A new report by the White House’s National Science and Technology Council called the Federal Alternative Jet Fuels Research and Development Strategy outlines the federal government’s plans to lower the cost of alternative jet fuels through coordinated, targeted research and development by agencies including the Energy Department, the U.S. Department of Agriculture, the U.S. Department of Transportation, and the U.S. Environmental Protection Agency. These efforts focus on feedstocks (the biomass used to make the fuel), conversion technologies and scale-up (which enables the fuel to be created and produced commercially), fuel testing and evaluation and overcoming other technical challenges.

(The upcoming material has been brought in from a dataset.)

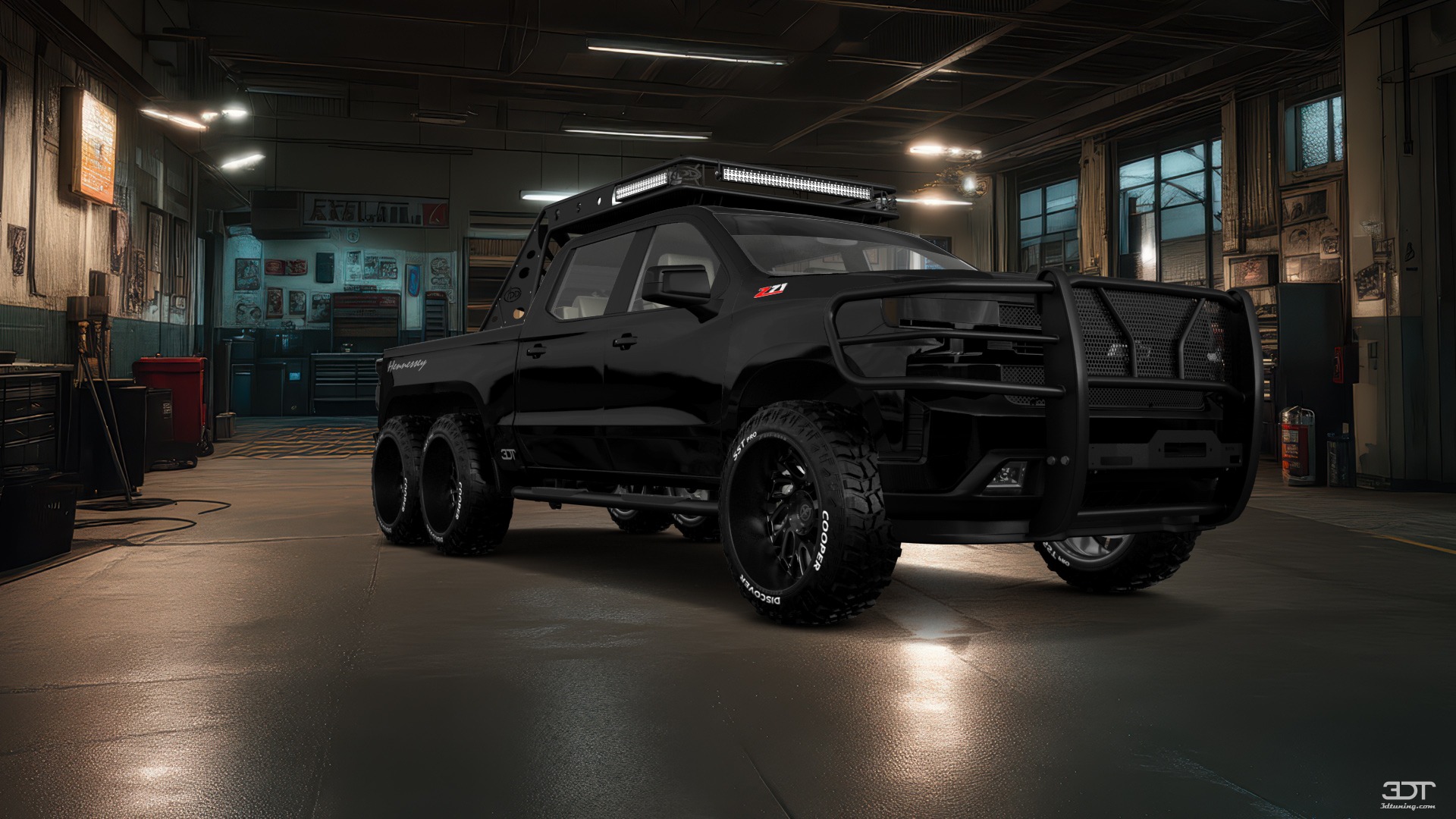 Chevrolet Silverado Hennessey Goliath 6X6 Truck 2020 Images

The goals align closely with our current work at the Energy Department’s Bioenergy Technologies Office, which supports research and development of new technologies and processes that lower the cost of next-generation sustainable biofuels, including jet fuel. In feedstocks, our partners develop equipment, such as this self-loading trailer, that cut the time it takes to harvest crops and transport them to the biorefinery. Researchers are finding newer and better ways to produce biofuel, such as this National Renewable Energy Laboratory algae-to-ethanol process, which streamlines production and lowers costs. We’re also working to scale up biofuel production technologies, moving them from pilot, demonstration, and commercial stages all while making them better for the environment. In addition, we’re collaborating with industry through an Alternative Aviation Fuel Workshop next month, which focuses on overcoming hurdles to making aviation biofuels more cost competitive than ever.
Alternative jet fuels are key to carbon-neutral aviation. The Energy Department is excited to be a part of important federal R&D efforts to move aviation biofuels forward for national security, the economy and the planet.